David Sterling: So Powell's uncertainty language — maybe it's not cover. Maybe it's the only honest read of a report where the non-energy number is accelerating and nobody modeled it.

David Sterling: Right, but — let me actually grant the market something here. The energy math is real. Brent at seventy-three forty versus a hundred and fourteen — that difference is mechanical. Headline PCE in June, July, it pulls down. Full stop. The forward-looking bet isn't insane on those numbers alone.

Megan Skiendel: Defensible. Not correct, but defensible.

David Sterling: Here's where it actually breaks, though. The Fed normally has two variables — growth and inflation. That's the whole model. And now they have a third one that — I mean, they cannot touch it. Tehran controls whether the Strait of Hormuz stays open. That's not a market call. Polymarket cannot price that. Nobody can.

Megan Skiendel: And the political dimension makes it worse. Trump is staring down midterms with $4.56 gasoline on the record — May twenty-first, that's the peak. That price is in voters' heads. Even with Brent back at seventy-three forty.

David Sterling: And Israel's co-participation in the military action — that makes the causal chain contested politically. Who owns this shock? The Fed can't answer that question. Powell can't answer it.

Megan Skiendel: Which is probably why bond investors aren't waiting. They're already rotating to non-U.S. markets. That's the smart money voting with its feet — not modeling what the Federal Reserve might do in September.

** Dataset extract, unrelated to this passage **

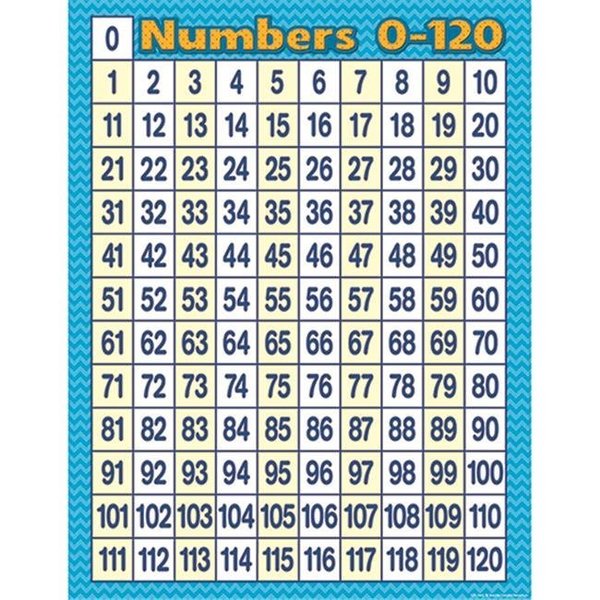 Roomfactory Numbers 0-120 Chart RO637682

David Sterling: The Fed is stuck between hawks who see four-point-one percent PCE as intolerable and doves who see a slowing economy. And Tehran is the third variable neither side modeled.

Megan Skiendel: And that's the trap, right? Because if July core PCE prints above 3.2% — which, given semiconductors are still in the system, is not a wild scenario — Powell's 'unusually elevated uncertainty' stops sounding like prudent caution. It starts sounding like a central banker who had the window and didn't move. The Federal Reserve cannot cut into 3.4% core. They just can't. And hiking into a slowing economy? Nobody wants to say that word out loud right now.

David Sterling: Okay, maybe Polymarket isn't pricing geopolitical risk so much as hoping Tehran takes the summer off.

Megan Skiendel: That's a hundred and forty basis points between 3.4% and the Fed's 2% target. That gap doesn't close because Brent crude behaved for six weeks.